Android users who are fans of sideloading apps have a new malware to worry about. xHelper, first spotted in March is a new kind of malware that is capable of reinstalling itself even after being manually removed and has reportedly infected over 45,000 android devices.

The Trojan which has affected users in India, the US, Russia has since shot up to the top 10 list of most detected mobile malware, with cybersecurity firm Symantec and Malwarebytes observing what they call “a surge in detections” of the malicious Android malware that can hide itself from users, download additional malicious apps, and display advertisements.

“In the past month alone, there was an average of 131 devices infected each day, and an average of 2,400 devices persistently infected throughout the month,” Symantec has said

Uninstalling the app, soft and hard factory resets also do not work. In some cases, users said that even when they removed the xHelper service and then disabled the “Install apps from unknown sources” option, the setting kept turning itself back on, and the device was reinfected in a matter of minutes after being cleaned.

The apps primary source is not known but cybersecurity firm Symantec believe the infection is possibly downloaded by users from unknown sources. MalwareBytes researchers, on the other hand, believe it’s being spread via shady game websites that tricks unsuspecting users into downloading apps from untrusted third-party sources.

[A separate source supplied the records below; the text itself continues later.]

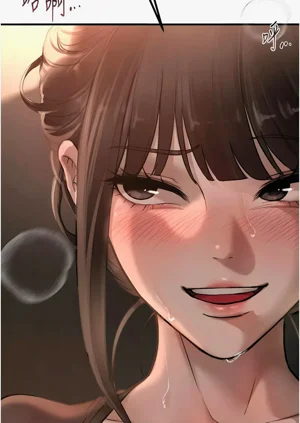第191页图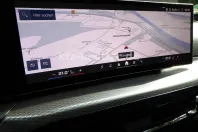 BMW M4 din 2024 cu 14.600 km - oferta BMW169633 - foto 15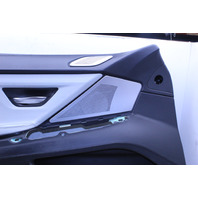 2012 2013 2014 2015 2016 BMW M6 F12 Door Panel Left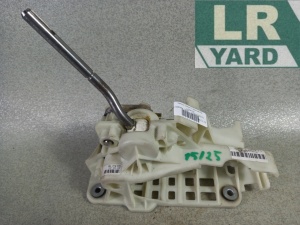 Selector viteze cutie viteze manuala FREELANDER 2 2006-2014 LR034102 7G9N-7K387-DE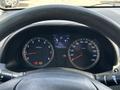 Hyundai Accent 2014 годаүшін3 700 000 тг. в Атырау – фото 15
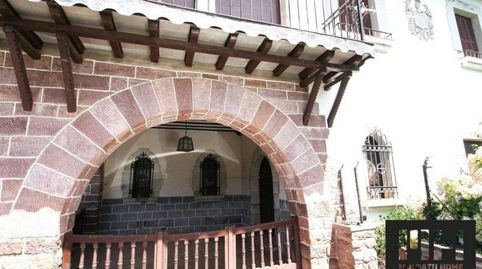 Imagen 4 del anuncio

xHelper takes its stealth behavior to new heights by not creating an app icon or a shortcut icon on the home screen launcher. The only indicator is a listing in the app info section of the infected phone’s settings.

The good news is that the trojan doesn’t carry out destructive operations. According to both Malwarebytes and Symantec, for most of its operational lifespan, the trojan has only shown intrusive popup ads and notification spam.